When Victoria Youngblood enrolled at Gause Academy of Leadership and Applied Technology four years ago, she lacked confidence, direction, and belief in her own potential.

Today, she has a statewide award to her name, a growing stack of college scholarship applications and — most important of all — no doubt that she can achieve any goal she sets for herself.

“This school changes everybody’s life,” said Youngblood, 16.

Gause Academy prides itself on helping “the students who fall through the cracks,” said Principal Daraford Jones. Sometimes students enroll at Gause because they are experiencing academic difficulties. Other times, and in the case of Youngblood, it’s that they just need a smaller, more supportive environment in which to thrive.

No matter what brings them to the school, all Gause students enjoy small class sizes — a typical student-to-teacher ratio is 10:1 — and hands-on programs that help them connect their classroom studies to the real world.

For Youngblood, it’s proven a winning combination.
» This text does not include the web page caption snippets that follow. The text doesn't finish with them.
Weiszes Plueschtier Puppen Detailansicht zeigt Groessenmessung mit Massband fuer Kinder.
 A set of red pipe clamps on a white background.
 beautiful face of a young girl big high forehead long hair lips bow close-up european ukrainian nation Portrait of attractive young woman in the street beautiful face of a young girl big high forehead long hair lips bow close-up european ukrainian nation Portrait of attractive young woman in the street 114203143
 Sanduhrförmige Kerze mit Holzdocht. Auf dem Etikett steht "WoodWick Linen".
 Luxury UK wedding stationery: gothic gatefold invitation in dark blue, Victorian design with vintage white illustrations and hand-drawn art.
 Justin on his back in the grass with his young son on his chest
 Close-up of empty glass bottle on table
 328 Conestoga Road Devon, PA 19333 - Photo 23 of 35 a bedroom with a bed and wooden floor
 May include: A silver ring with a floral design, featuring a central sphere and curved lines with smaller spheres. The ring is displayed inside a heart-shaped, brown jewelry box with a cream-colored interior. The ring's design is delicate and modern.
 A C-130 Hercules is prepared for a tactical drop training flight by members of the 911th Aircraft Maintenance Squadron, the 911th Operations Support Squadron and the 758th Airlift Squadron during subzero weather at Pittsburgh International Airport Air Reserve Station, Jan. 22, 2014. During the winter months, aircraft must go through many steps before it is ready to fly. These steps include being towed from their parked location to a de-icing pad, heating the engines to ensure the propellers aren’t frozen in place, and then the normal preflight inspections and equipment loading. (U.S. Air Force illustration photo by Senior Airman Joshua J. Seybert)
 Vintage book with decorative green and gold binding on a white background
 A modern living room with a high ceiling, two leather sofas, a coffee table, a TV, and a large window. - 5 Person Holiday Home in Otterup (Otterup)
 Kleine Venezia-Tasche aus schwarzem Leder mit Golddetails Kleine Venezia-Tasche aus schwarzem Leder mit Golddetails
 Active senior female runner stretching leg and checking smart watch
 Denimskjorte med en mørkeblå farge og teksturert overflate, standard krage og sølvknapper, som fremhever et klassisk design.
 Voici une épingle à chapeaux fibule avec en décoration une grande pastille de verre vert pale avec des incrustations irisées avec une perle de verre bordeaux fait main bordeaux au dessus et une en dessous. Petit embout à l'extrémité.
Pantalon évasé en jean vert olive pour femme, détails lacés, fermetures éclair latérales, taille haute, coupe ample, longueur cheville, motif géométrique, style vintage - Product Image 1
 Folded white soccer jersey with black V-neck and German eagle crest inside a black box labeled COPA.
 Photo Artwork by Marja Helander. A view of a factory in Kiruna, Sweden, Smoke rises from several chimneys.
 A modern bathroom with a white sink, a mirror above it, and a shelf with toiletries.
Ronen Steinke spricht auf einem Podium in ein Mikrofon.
Youngblood is quiet and reserved. She had trouble fitting in at her previous school, and her grades were starting to slip. That’s when her family decided to enroll her at Gause, which accepts students by application.

“Here, the classes are so much smaller. I get to work one-on-one with teachers, and they have the time to spend with me and really break down what we’re learning,” she said.

As she built relationships at the school and her academic performance began to improve, Youngblood started making other changes too.

“I’ve become a harder worker,” she said. “I’m still quiet and shy, but I’m building my confidence and learning to speak up for myself more. I have a small group of friends, but I’m a neutral party — I’m friends with everybody.”

Recently, all Youngblood’s hard work — on herself and her schoolwork — paid off when she won first place in personal finance at the state Future Business Leaders of America (FBLA) competition.

“I’m very proud of her. She’s worked so hard to do FBLA and study,” said Youngblood’s mother, Melissa Fischer. “FBLA is helping her to become more of a people person.”

Youngblood’s teacher and FBLA adviser, Melissa Konkol, said she always saw Youngblood’s potential. It was just a matter of helping her see it, too.

“When I first met her, I knew she was going to be awesome, and she really and truly is,” Konkol said. “She is the most qualified student leader I’ve had in several years.”

Konkol is now encouraging Youngblood, who is president of Gause’s FBLA chapter, to run for a state office with the organization next year.

In addition to looking ahead to her senior year, Youngblood is also making plans for college and beyond. She plans to study psychology because she likes to help people — much like the staff at Gause helps her — as well as become a nature photographer.

“I’m excited, and I’m confident in myself,” she said.